Ignorance Is Not Necessarily Bliss

I have been employed in the I/T field for over 20 years now.  In that time, I have dealt with my share of DEU's (Dumb End-Users).  Yes, I have had people ask where the "any" key was.  There is the story of the user calling for tech support because his screen was blank.  After the technician ran through some simple troubleshooting, he realized that the computer did not have any power.  He instructed the user to bend down underneath his desk and check to make sure that the power strip was on and the computer was plugged in.  After the user told the technician to wait while he got a flashlight because the power was off to the building, the technician exclaimed that he figured out the problem.  He instructed the user to box the computer back up and return it to the store for a refund.  He was too ignorant to use a computer.

Calvin wrote in today's lesson that ignorance is no excuse for sin just as ignorance was no excuse in the mind of the technician.  Apparently Plato had argued that ignorance was a just excuse for sin, but Calvin clearly refuted that notion here.  In discussing Romans 2:14-15, Calvin writes, "Because it might seem absurd that the Gentiles perish without any preceding judgment, Paul immediately adds that for them conscience stands in place of the law; this is sufficient reason for their just condemnation."  There is no excuse because God has written his law on the hearts of all men.  Calvin defines natural law as, "that apprehension of conscience which distinguishes sufficiently between just and unjust, and which deprives men of the excuse of ignorance, while it proves them guilty by their own testimony."  In other words, men have no excuse for sin and we know it when we sin.

Men try to justify their own sin in their minds.  Calvin uses the examples of two men: one who is plotting a murder and one who is committing adultery.  The first sees this murder as something good.  The adulterer is flattered by his own sin.  In both cases, these men have become blind to their sin and have decided that their evil is good.  Most of the time "rushed headlong into wickedness", knowing that it is evil.  He continues to explain that we fail everyday.  We fall into the trap of sin all the time.  Even though we know what is evil and wicked, we choose this path.  We cannot use ignorance as an excuse because we know what is good and what is evil.  We have God's law to use as a measuring stick.  When we compare our actions to God's law we see immediately that we do not measure up.

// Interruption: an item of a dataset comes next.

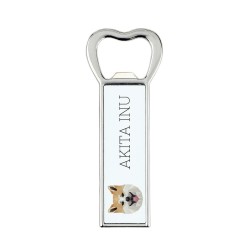 A beer bottle opener with Akita Inu dog. A new collection with the geometric dog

Finally, Calvin reminds us of our need for the Holy Spirit to guide our lives.  Not all sins are committed out of malice.  Sometimes we make the wrong decision because of deception or misunderstanding.  This is no excuse for committing the sin.  "But Augustine so recognizes this inability of the reason to understand the things of God that he deems the grace of illumination no less necessary for our minds than the light of the sun for our eyes.  Not content with this he adds the correction that we ourselves open our eyes to behold the light, but the eyes of the mind, unless the Lord open them, remain closed."